When choosing a tool. Not every problem needs deep learning. For many business prediction problems — customer lifetime value, fraud scoring, inventory forecasting — classical machine learning methods are faster to train, easier to interpret, require far less data, and perform just as well or better than a neural network. Reaching for a large language model when a simpler model would work is like using a sledgehammer to hang a picture frame.

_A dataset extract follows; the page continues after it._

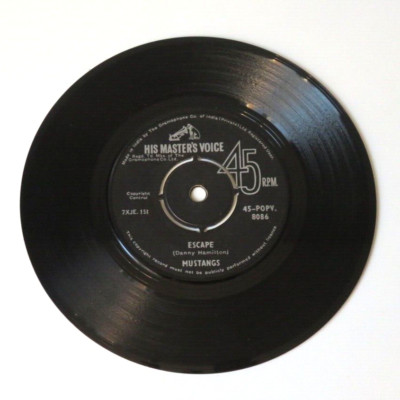 MUSTANGS Escape / Gonks Go Beat 45RPM Indian Garage Surf Rock 1967 1st Press Rar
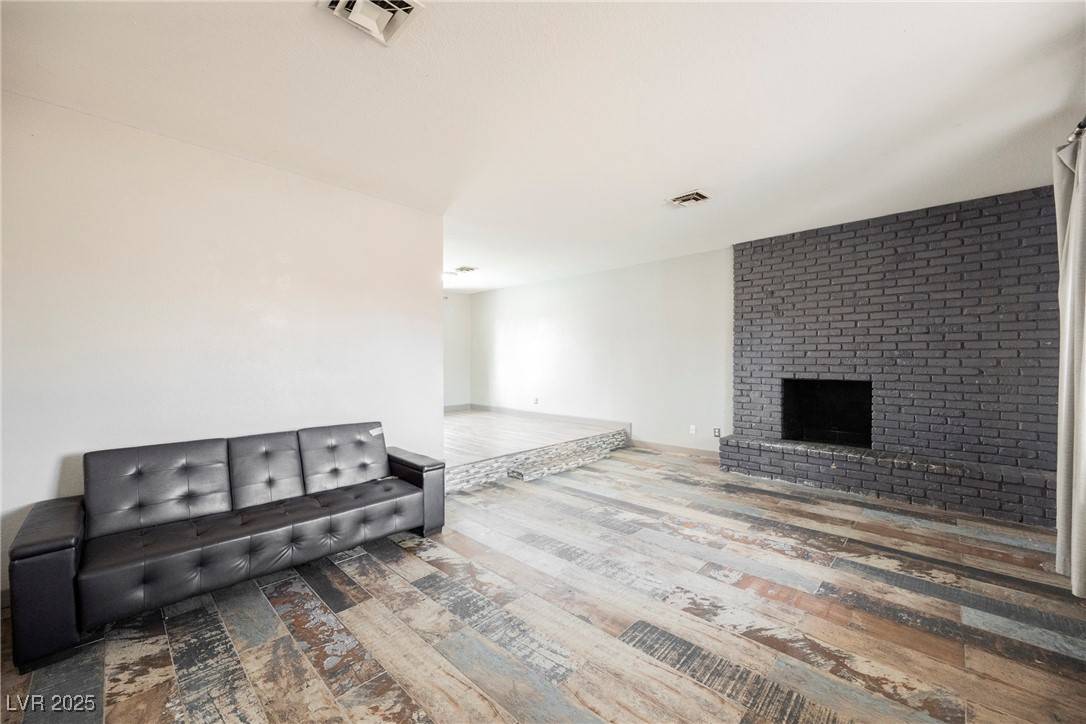 Las Vegas, NV 89121,4666 Plata Del Sol DR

When thinking about risk. Deep learning models, and LLMs in particular, are notoriously hard to interpret — we often can't explain exactly why they produce a given output. Classical ML models like decision trees can be fully audited. That difference matters a lot for high-stakes applications where explainability is required (lending decisions, medical diagnostics, legal contexts).

A Quick Reference

If you take away nothing else, remember this:

  • AI is the field. Anything a machine does that looks intelligent.
  • Machine learning is the dominant approach within AI: learn patterns from data rather than programming rules.
  • Deep learning is a powerful subset of ML that uses neural networks with many layers. It's what powers everything you've heard about in the past few years — image generation, voice recognition, language models.
  • LLMs (ChatGPT, Claude, Gemini) are deep learning models specifically trained on language at massive scale.

When you see a headline that says "AI does X," you now have the vocabulary to ask the more precise question: what kind of AI, exactly? The answer is usually one of the layers above — and knowing which one tells you a lot about what you're actually dealing with.